Now open for all, let's get you puffin'

POST /v2/namespaces/:namespace/query

Query, filter, full-text search and vector search documents.

Latency

1M docs

Percentile

Latency

p50
16ms
p90
21ms
p99
33ms

A query retrieves documents in a single namespace, returning the ordered or highest-ranked documents that match the query's filters.

turbopuffer supports the following types of queries:

  • Vector search: find the documents closest to a query vector
  • Full-text search: find documents with the highest BM25 score, a classic text search algorithm that considers query term frequency and document length
  • Ordering by attributes: find all documents matching filters in order of an attribute
  • Lookups: find all documents matching filters when order isn't important
  • Aggregations: aggregate attribute values across all documents matching filters

Request

rank_by arrayrequired unless aggregate_by is set

How to rank the documents in the namespace. Supported ranking functions:

For hybrid search, you must do multiple queries (e.g. BM25 + vector) and combine the results client-side with e.g. reciprocal-rank fusion. We encourage users to write a strong query layer abstraction, as it's not uncommon to do several turbopuffer queries per user query. Soon turbopuffer will support multiple queries in the same request.
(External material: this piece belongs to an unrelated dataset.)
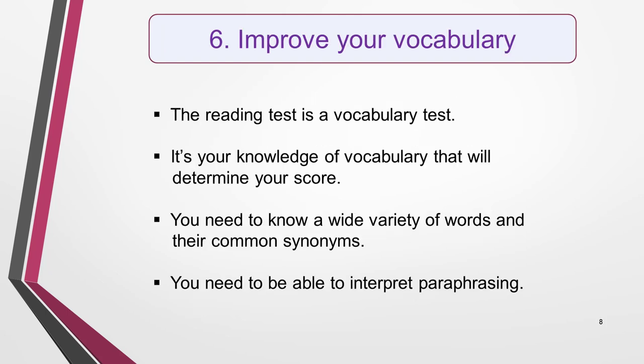Reading tip six is to improve your vocabulary. It may seem too obvious to mention this, but in many ways it's the most important tip of all, so it needs to be emphasised. The reality is, the reading test is essentially a vocabulary test. It's your knowledge of vocabulary that will ultimately determine your score. However, it's not just a wide variety of words you need to know, but also their common synonyms — that is, words with the same or very similar meaning. Many of the questions will seem quite straightforward until you come to search for the answers and can't find matching keywords and phrases in the text. This will be because synonyms have been used, or the questions paraphrase the information in the text.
Vector example: ["vector", "ANN", [0.1, 0.2, 0.3, ..., 76.8]]

BM25: ["text", "BM25", "fox jumping"]

Order by attribute example: ["timestamp", "desc"]

BM25 with multiple, weighted fields:

["Sum", [
    ["Product", [2, ["title", "BM25", "fox jumping"]]],
    ["content", "BM25", "fox jumping"]
  ]
]

top_k numberrequired

Number of documents to return.

Maximum: 1200 (adjustable upon request)


filters arrayoptional

Exact filters for attributes to refine search results for. Think of it as a SQL WHERE clause.

See Filtering Parameters below for details.

When combined with a vector, the query planner will automatically combine the attribute index and the approximate nearest neighbor index for best performance and recall. See our post on Native Filtering for details.

For the best performance, separate documents into namespaces instead of filtering where possible. See also Performance.

Example: ["And", [["id", "Gte", 1000], ["permissions", "In", ["3d7a7296-3d6a-4796-8fb0-f90406b1f621", "92ef7c95-a212-43a4-ae4e-0ebc96a65764"]]]]


include_attributes array[string] | booleandefault: id

List of attribute names to return in the response. Can be set to true to return all attributes. Return only the ones you need for best performance.


aggregate_by objectrequired unless rank_by is set

Aggregations to compute over all documents in the namespace that match the filters.

Cannot be specified with rank_by, top_k, or include_attributes. We plan to lift these restrictions soon.

Each entry in the object maps a label for the aggregation to an aggregate function. Supported aggregate functions:

  • ["Count", "attr"]: counts the number of documents with a non-null value for the attr attribute. Limitation: currently only the id attribute is supported.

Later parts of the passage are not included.